Google will provide one petabyte (1,000 terabytes) of cloud storage to house satellite observations, digital elevation data and climate and weather model datasets drawn from government open data and contributed by scientists as well as 50 million hours of high performance cloud computing on the Google Earth Engine geospatial analysis platform.

“It is exciting to work with the new technology of Google Earth Engine because it handles so much information about our planet,” Kilic said. “Google Earth Engine is a water resources engineer’s dream. The computer screen shows real-time water use information in just a few seconds, using the Google Computing Cloud. These processes once took hours on (even high-powered) computers.”

Kilic’s work focuses on evapotranspiration, or how water moves through the atmosphere as it evaporates from soil and water and transpires from plants. In 2013, she began a five-year term with an elite international team of 25 scientists supporting NASA's Landsat Data Continuity Mission Satellite or "Landsat 8."

She said Google has collected the entire modern Landsat archive’s images of the planet, dating to 1984, which is “a tremendous and convenient resource for our application.Landsat satellite imagery provides us with 30 meter pixels that allow us to see inside individual agricultural fields. The thermal band of Landsat is especially important.
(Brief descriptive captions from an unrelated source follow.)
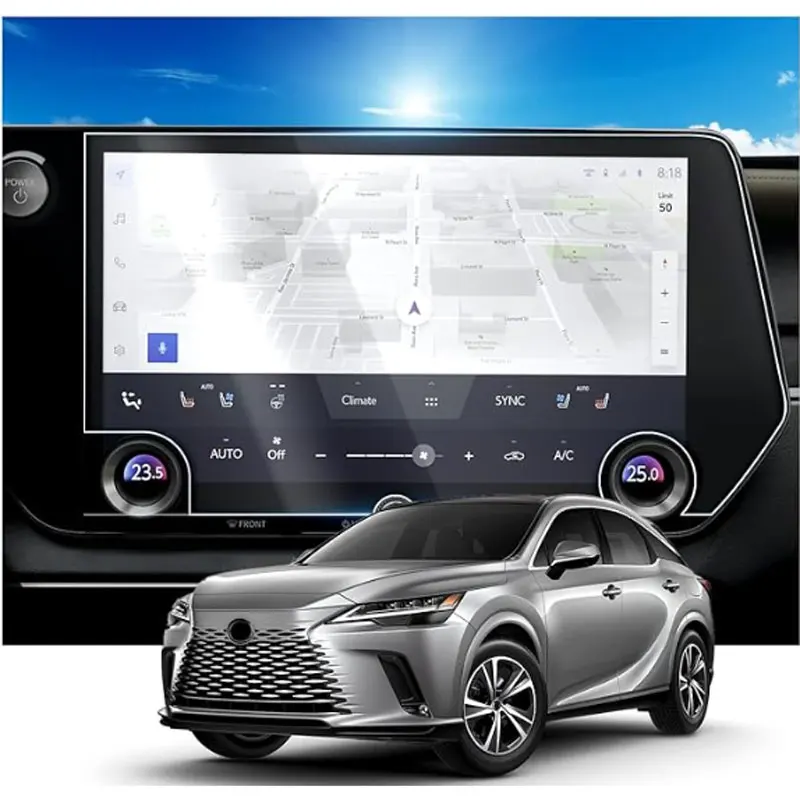 

Автомобильный радиоприемник GPS навигация аксессуары для интерьера Закаленное стекло Защитная пленка для Lexus RX 350 350H 450H 500H 2023 14 дюймов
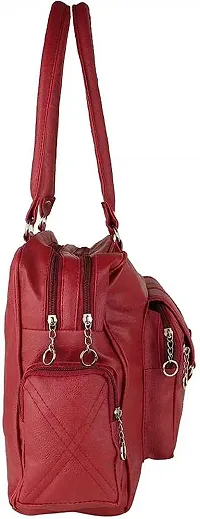 XOVEE Women's PU Hand-held Bag Unleash Your Inner Style! | maroon | XV-11-thumb4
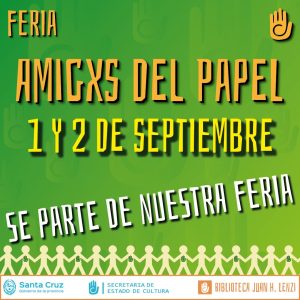 Llega una nueva edición de la Feria de "Amigxs del Papel en la Biblio"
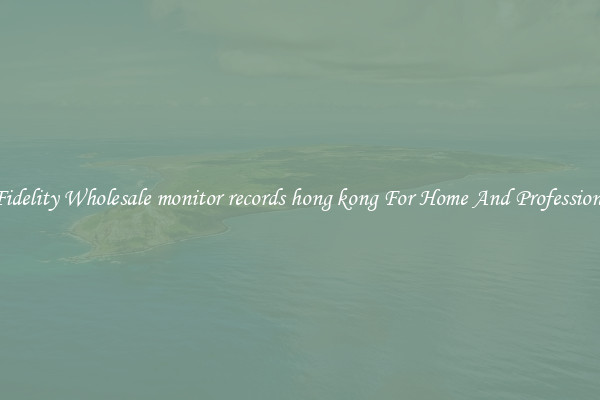 High Fidelity Wholesale monitor records hong kong For Home And Professional Use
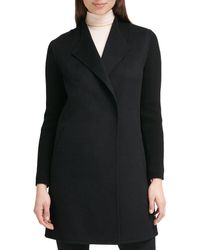 Kenneth Cole - Double Face Wool-blend Coat - Lyst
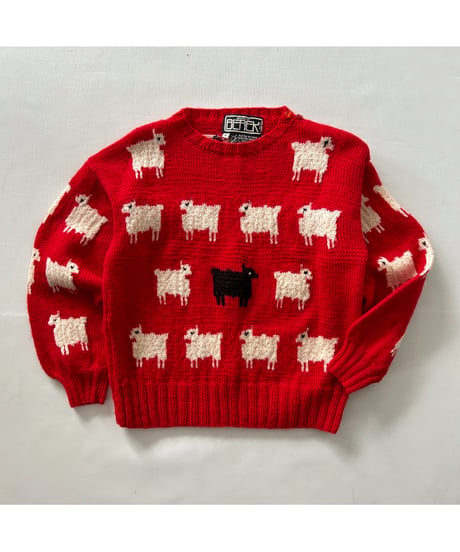 80s Princess Diana Black Sheep Knit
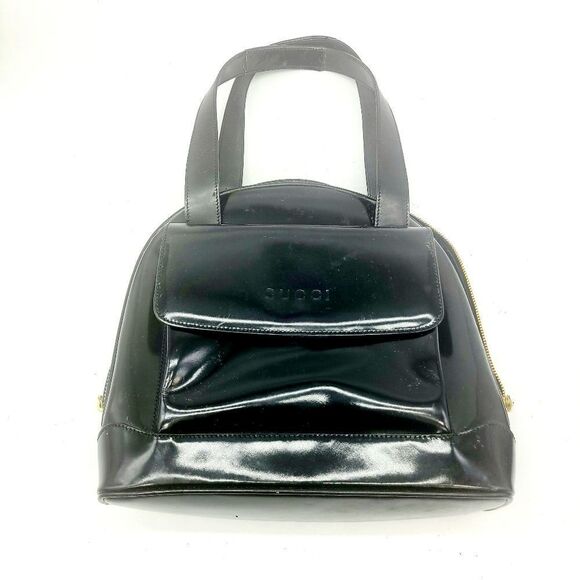 Gucci Canvas Leather Shoulder Bag - Picture 1 of 10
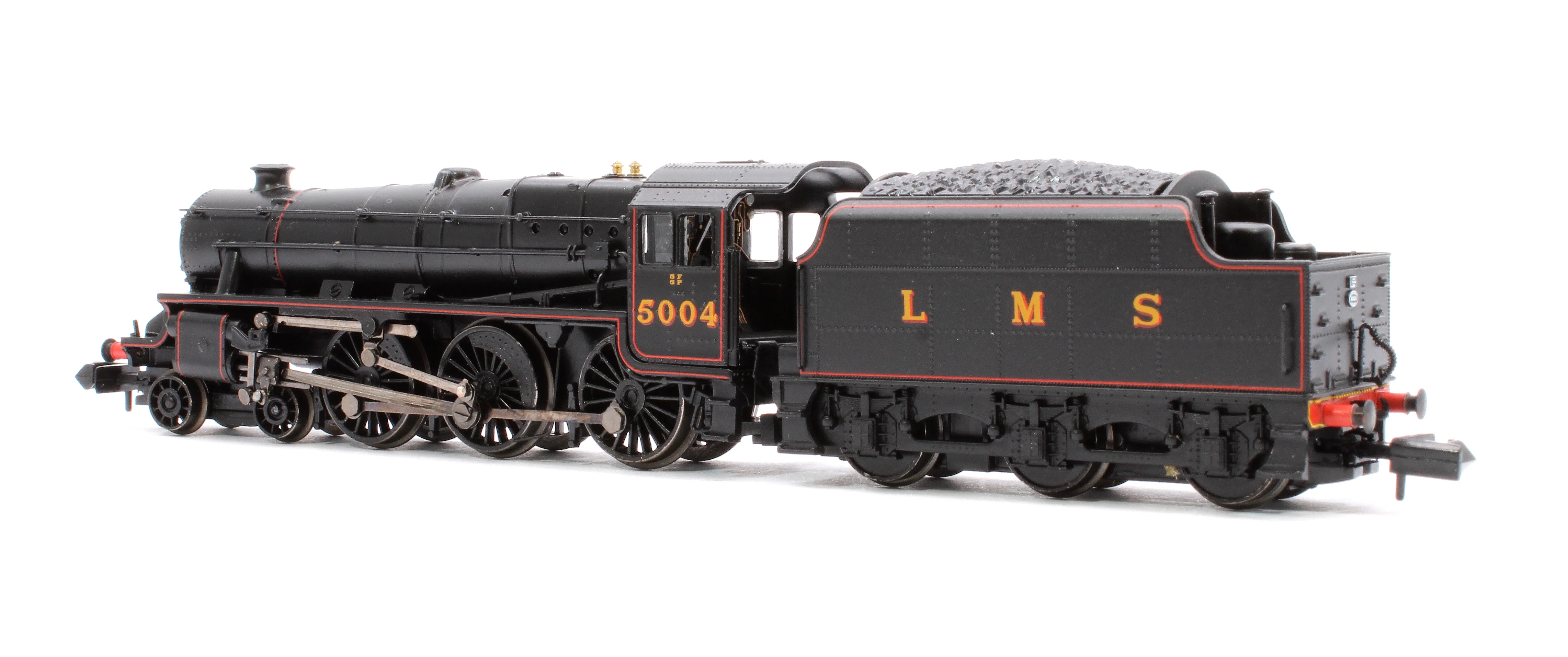 372-135B LMS 5MT 'Black 5' with Riveted Tender 5004 LMS Lined Black - Image 2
We will need even more Landsat satellites in the future for modern water management.”

Graduate students Doruk Ozturk and Yao Li, remote sensing specialist Ian Ratcliffe and Civil Engineering PhD graduate, and currently research assistant professor, Baburao Kamble gain valuable experience on Kilic’s team--developing code, designing new ways to detect and contend with clouds in images and using evapotranspiration mapping to fine-tune regional weather forecasting models. 

Kilic said a new project with her UNL group will use Google resources to generate applications providing lawn water management information to homeowners and cities to support water conservation. 

“This project will utilize high-resolution aerial photography available for much of the United States and couple it with continental weather data sets for the entire country plus seven-day weather forecasts to provide homeowners with up-to-date information on their watering needs,” said Kilic. “(Our research) also creates opportunities for educators to have extensive sets of spatial data in their classrooms to use for geographic information system instruction, remote sensing, water resources and hydrology--for college students all the way down to elementary school students.”